**Data extracts**
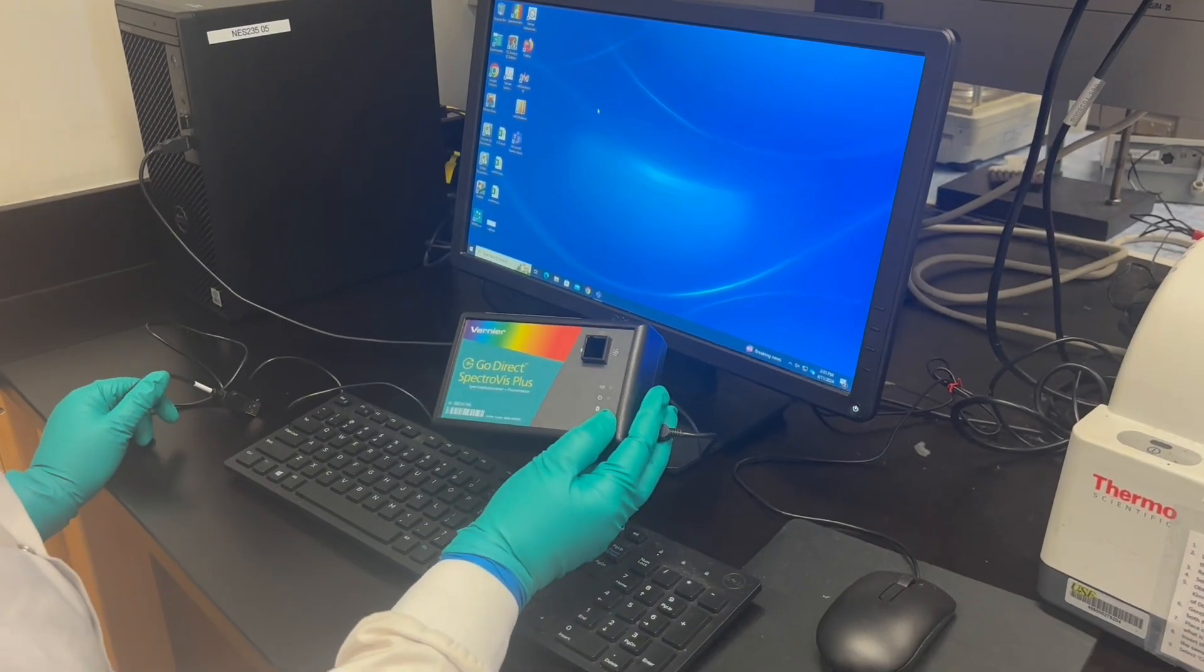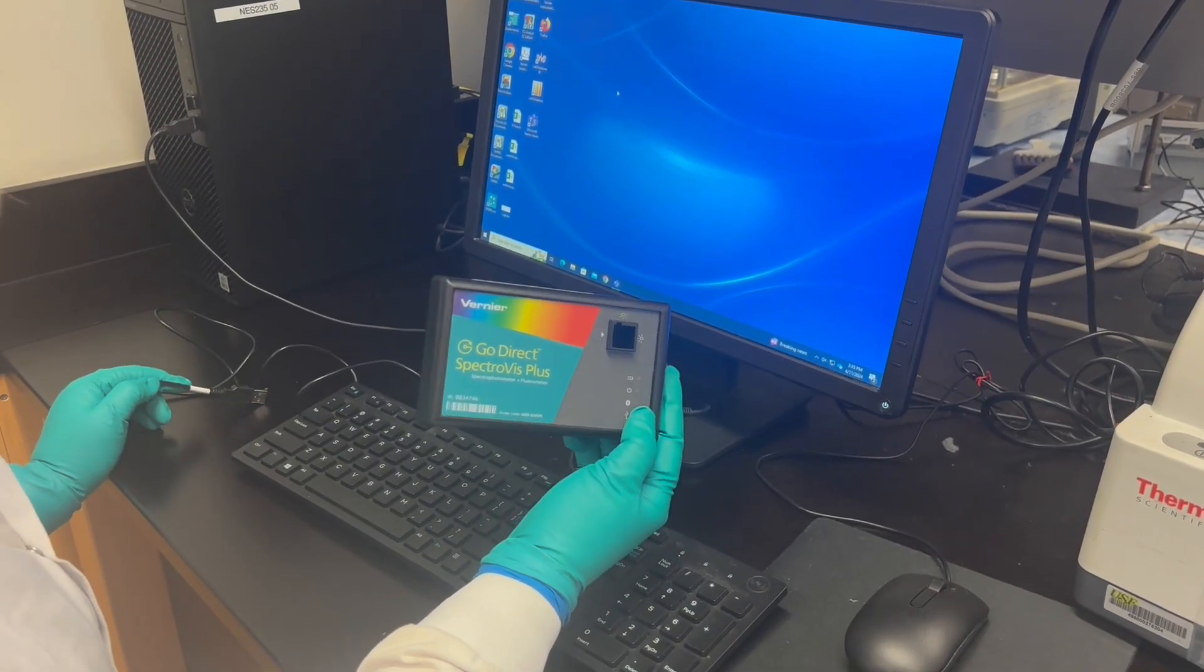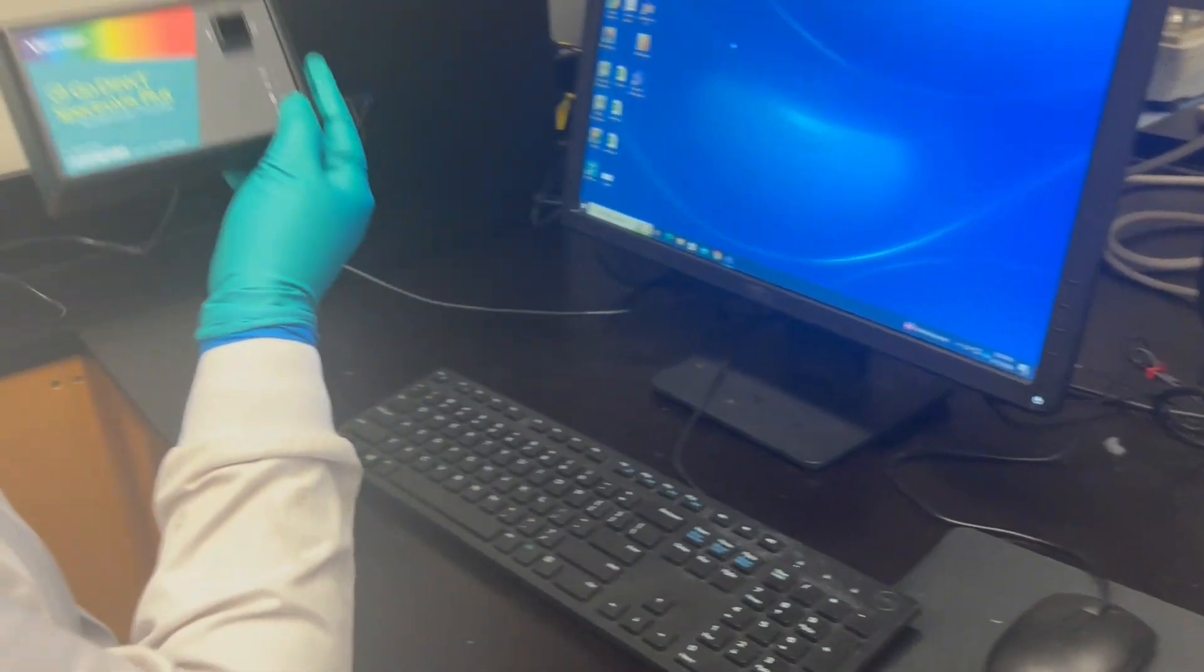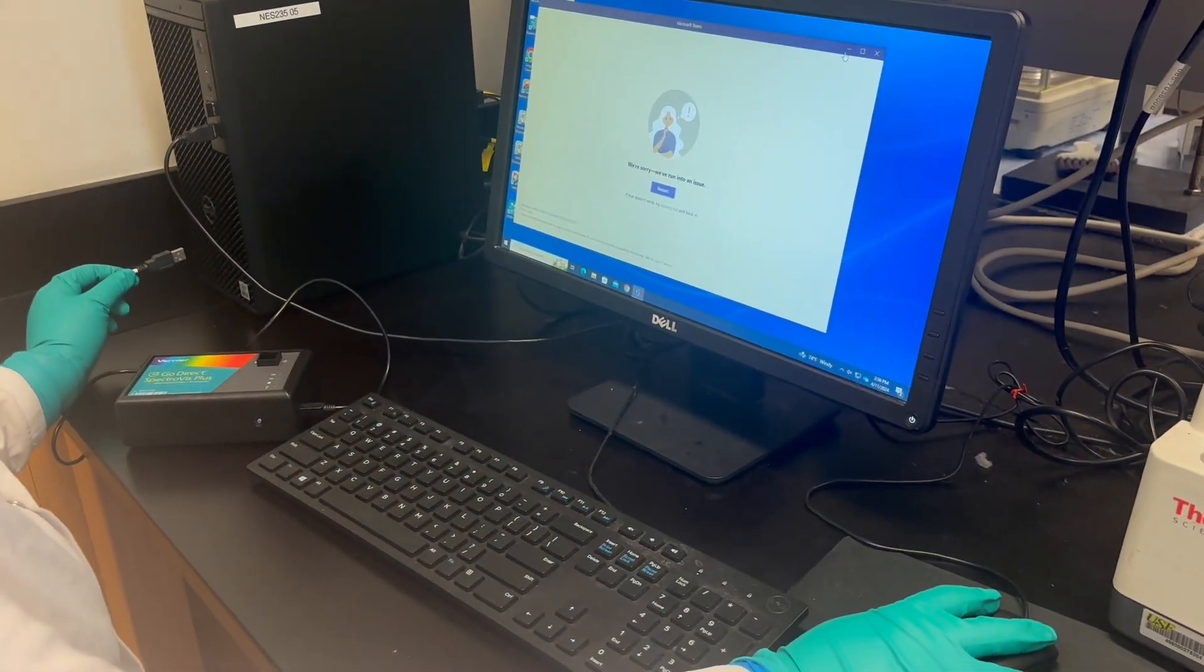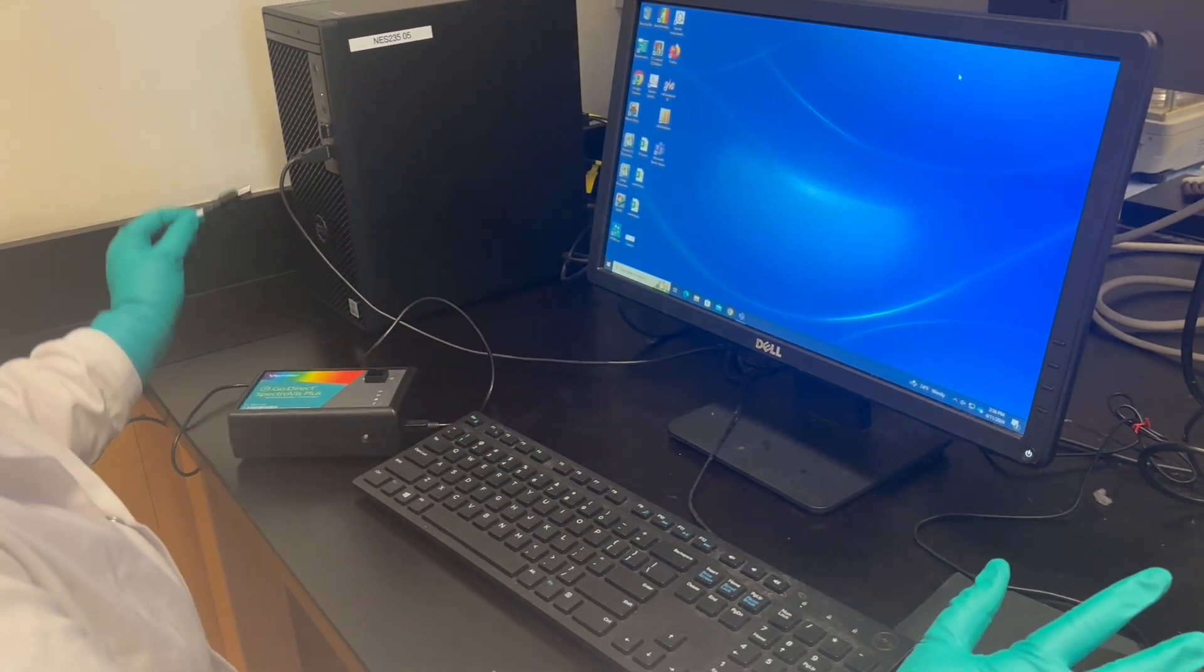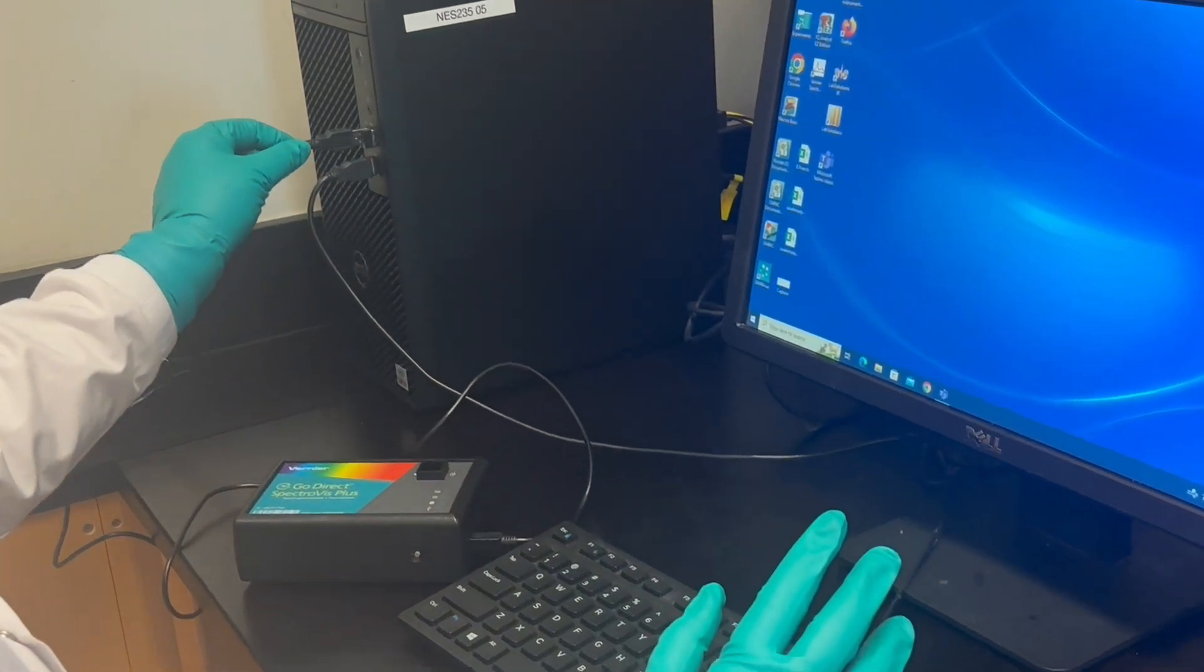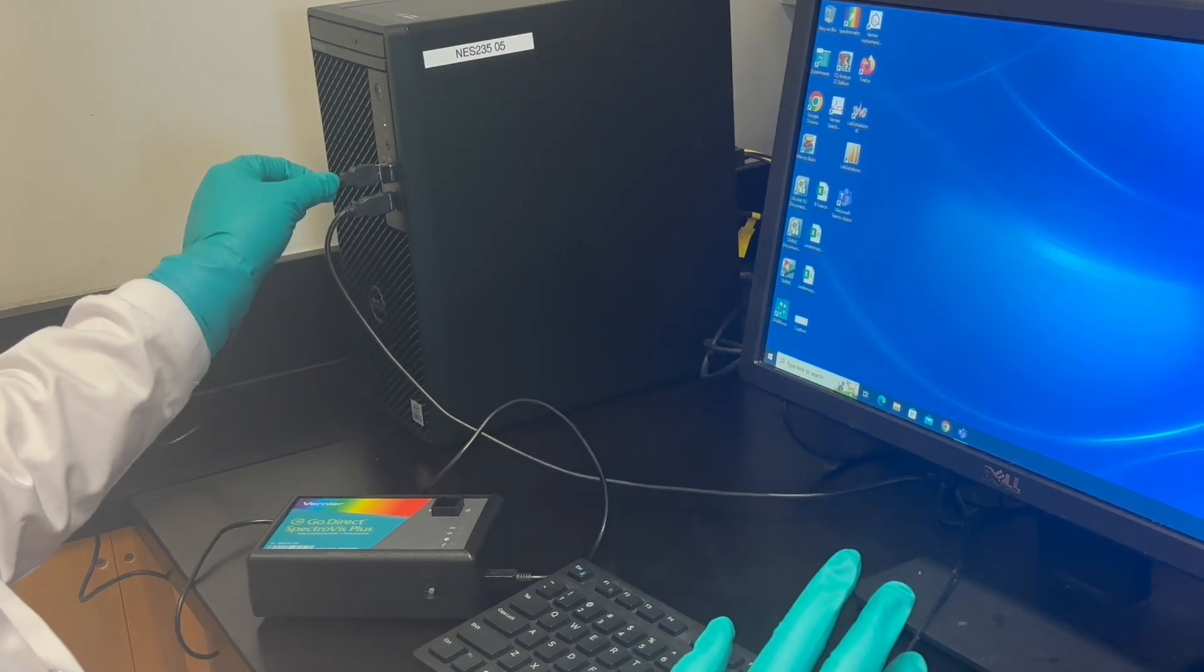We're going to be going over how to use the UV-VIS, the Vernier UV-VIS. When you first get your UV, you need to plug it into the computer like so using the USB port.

---

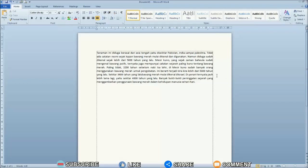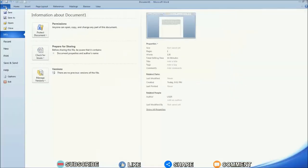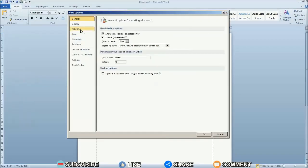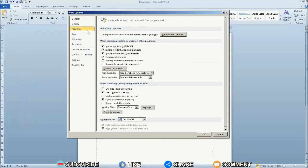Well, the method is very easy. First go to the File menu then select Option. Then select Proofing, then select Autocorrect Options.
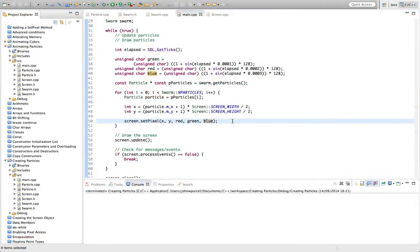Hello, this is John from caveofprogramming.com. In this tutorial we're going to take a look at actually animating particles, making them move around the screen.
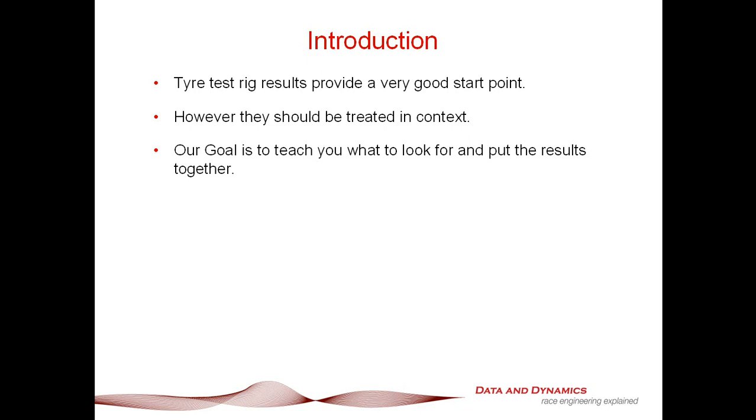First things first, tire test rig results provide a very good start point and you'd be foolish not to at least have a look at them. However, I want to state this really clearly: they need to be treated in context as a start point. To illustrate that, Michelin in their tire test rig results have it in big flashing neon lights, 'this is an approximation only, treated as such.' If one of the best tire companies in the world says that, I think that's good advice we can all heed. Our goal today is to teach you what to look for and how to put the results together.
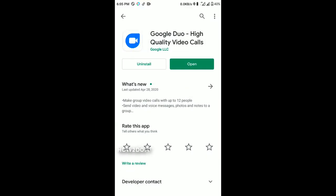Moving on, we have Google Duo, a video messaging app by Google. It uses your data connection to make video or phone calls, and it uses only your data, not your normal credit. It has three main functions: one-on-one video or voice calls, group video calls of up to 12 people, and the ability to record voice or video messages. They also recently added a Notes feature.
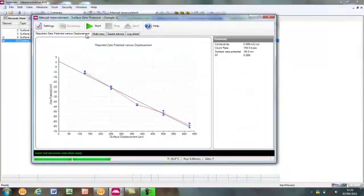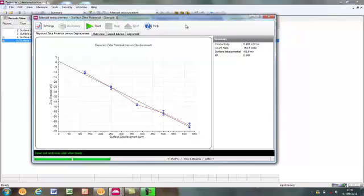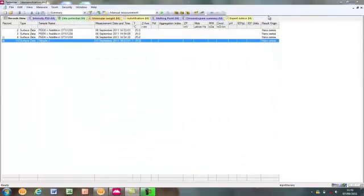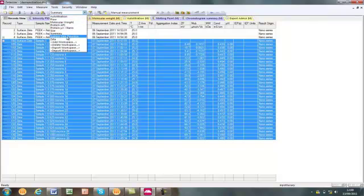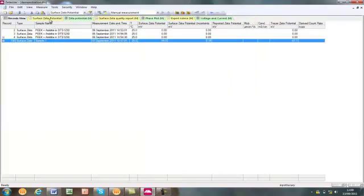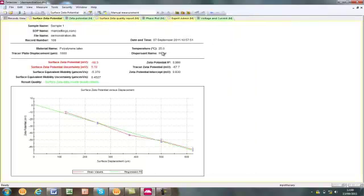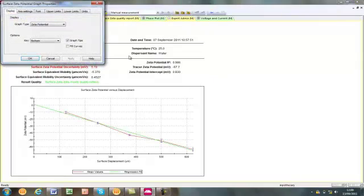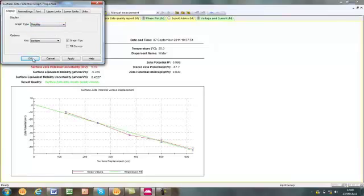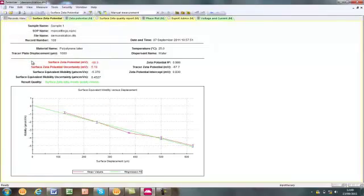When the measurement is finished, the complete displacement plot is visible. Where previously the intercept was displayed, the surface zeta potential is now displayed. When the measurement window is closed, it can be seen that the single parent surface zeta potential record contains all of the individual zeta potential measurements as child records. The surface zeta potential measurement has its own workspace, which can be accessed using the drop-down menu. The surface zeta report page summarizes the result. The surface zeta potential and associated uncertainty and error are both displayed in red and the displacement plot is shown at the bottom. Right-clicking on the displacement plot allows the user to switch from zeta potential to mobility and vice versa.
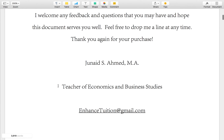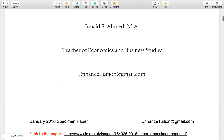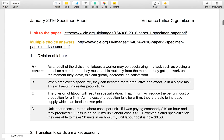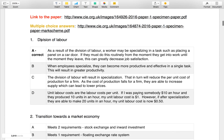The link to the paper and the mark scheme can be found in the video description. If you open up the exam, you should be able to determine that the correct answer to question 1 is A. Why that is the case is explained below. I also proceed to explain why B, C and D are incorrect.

...

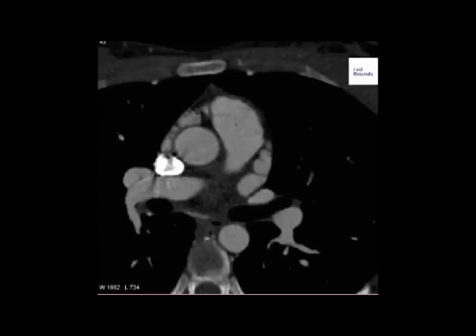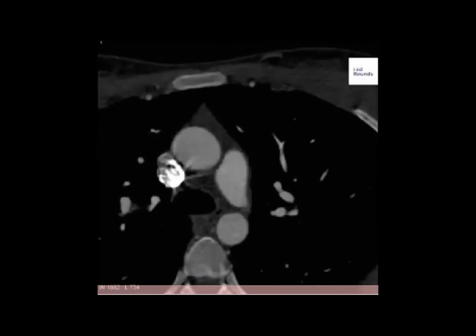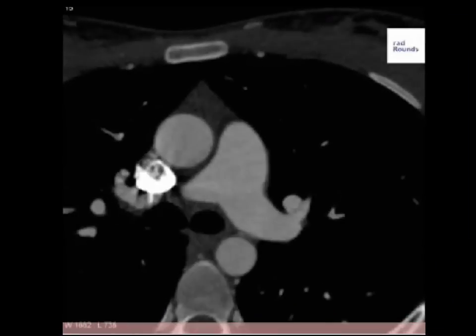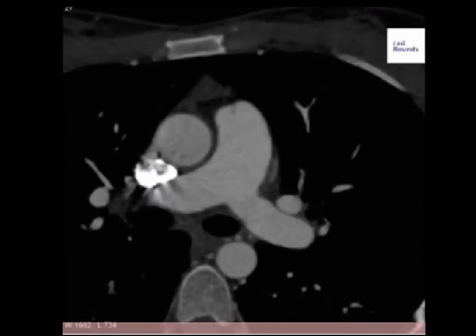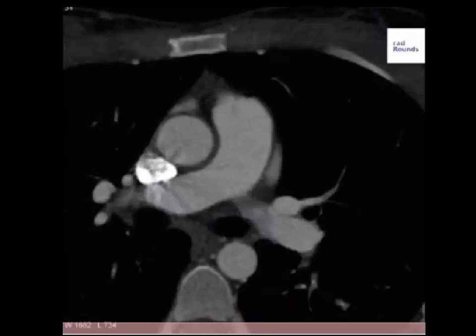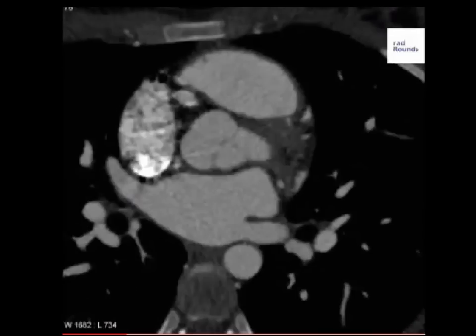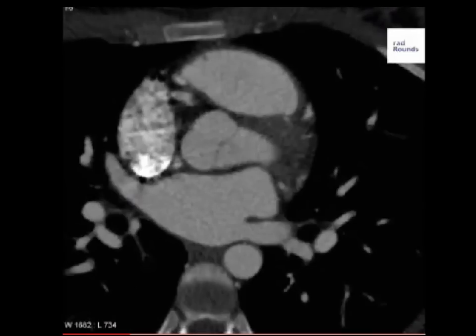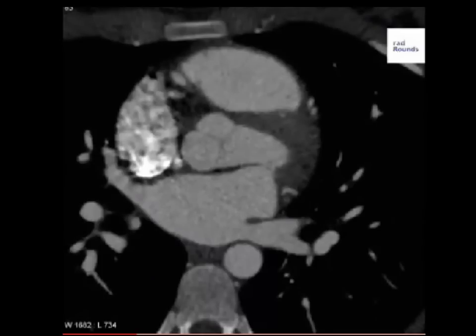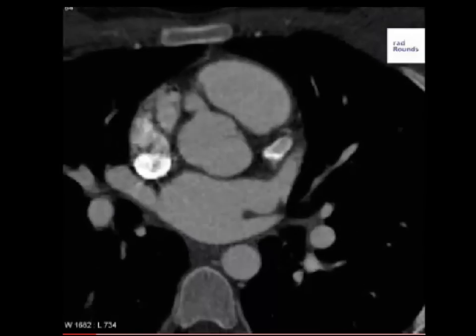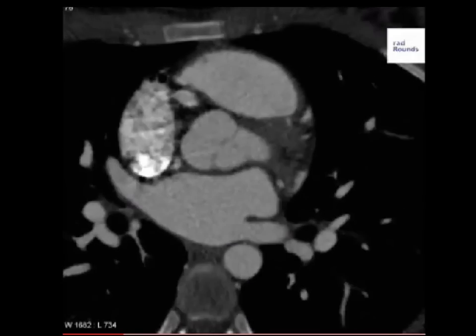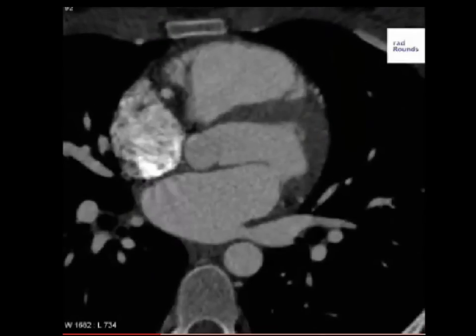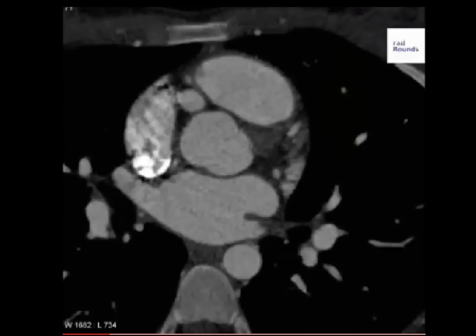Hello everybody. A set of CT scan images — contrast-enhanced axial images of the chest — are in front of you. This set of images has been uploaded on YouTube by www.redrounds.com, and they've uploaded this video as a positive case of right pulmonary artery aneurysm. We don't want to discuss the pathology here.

**Instructions to follow**
Within the material above, find the part that opens with the line containing "First things first, tire" and closes with the line containing "Moving on, we", and reproduce it exactly without the pictures.

**Problem solution**
First things first, tire test rig results provide a very good start point and you'd be foolish not to at least have a look at them. However, I want to state this really clearly: they need to be treated in context as a start point. To illustrate that, Michelin in their tire test rig results have it in big flashing neon lights, 'this is an approximation only, treated as such.' If one of the best tire companies in the world says that, I think that's good advice we can all heed. Our goal today is to teach you what to look for and how to put the results together.
Moving on, we have Google Duo, a video messaging app by Google. It uses your data connection to make video or phone calls, and it uses only your data, not your normal credit. It has three main functions: one-on-one video or voice calls, group video calls of up to 12 people, and the ability to record voice or video messages. They also recently added a Notes feature.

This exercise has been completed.